スンアには15歳年上の兄がいる。スンアは仕事のため離れて暮らしている兄が来る日を心待ちにしていたという。スンアは踊って歌うのが好きで、友達も多く、日差しのように明るい笑顔を見せていた。歌手にも、俳優にも、ビューティー専門家にもなりたいと言っていた。スンアの兄はそんな妹を思い浮かべながら泣いて、笑って、また泣いた。スンアの携帯電話の暗証番号は兄の誕生日だった。それを兄はスンアが死亡した後に初めて知ったとうな垂れて言った。

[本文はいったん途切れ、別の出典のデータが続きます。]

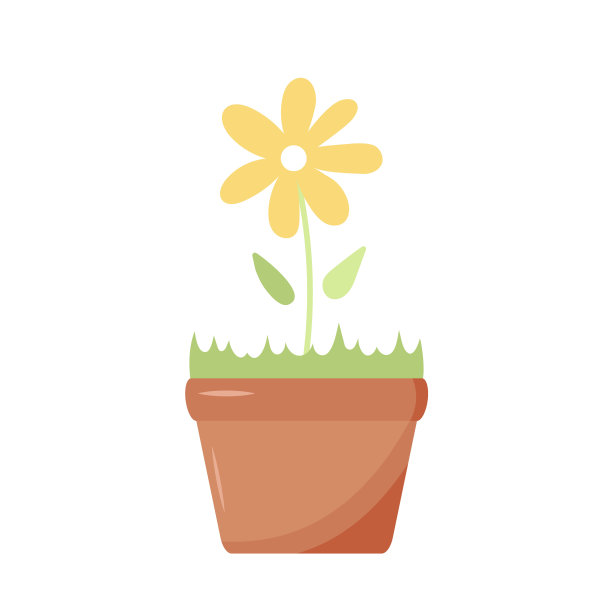 一盆甘菊，一盆家常花。图片下载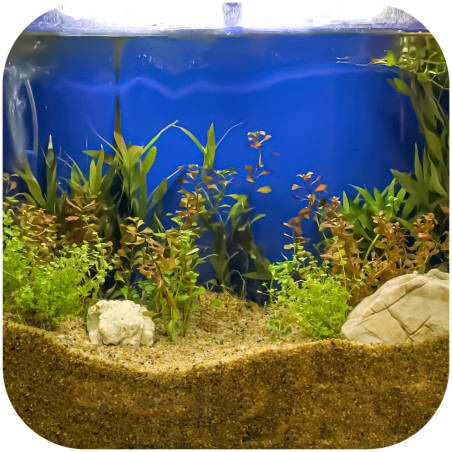 Eco Plant Natural River 1kg żwir rzeczny 1-3mm - Idealny do akwarium słodkowodnego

「小さいのに自分の可愛さをわかっていて、多才で夢も多かったスンア…こんなに急に逝くとは夢にも思いませんでした」
この日午前、大田市西区屯山洞ムンジョン交差点のタンバン中学校の塀の下、スンアが事故に遭った場所に菊の花束が置かれていた。花の間から同年代の子どもたちが好きそうなジュースやゼリー、バナナ牛乳、チョコレート菓子、ソーセージなども見えた。スンアを追悼するメモも貼られていた。
「もっと良い世の中でもっときれいに輝いて。あなたは十分美しい星。だからそのままきれいに輝いてね。もっと良い世の中を作ってあげられなくて本当にごめんね。あなたの未来を奪った悪い大人が必ず罰を受けられるようにする。もっと良い世の中を作ると約束するよ」
旅立ったスンアの幸せを願い、二度とこのようなことを起こさないと誓った言葉の隣で、スンアが好きだったピンクのキャラクターのぬいぐるみが笑っていた。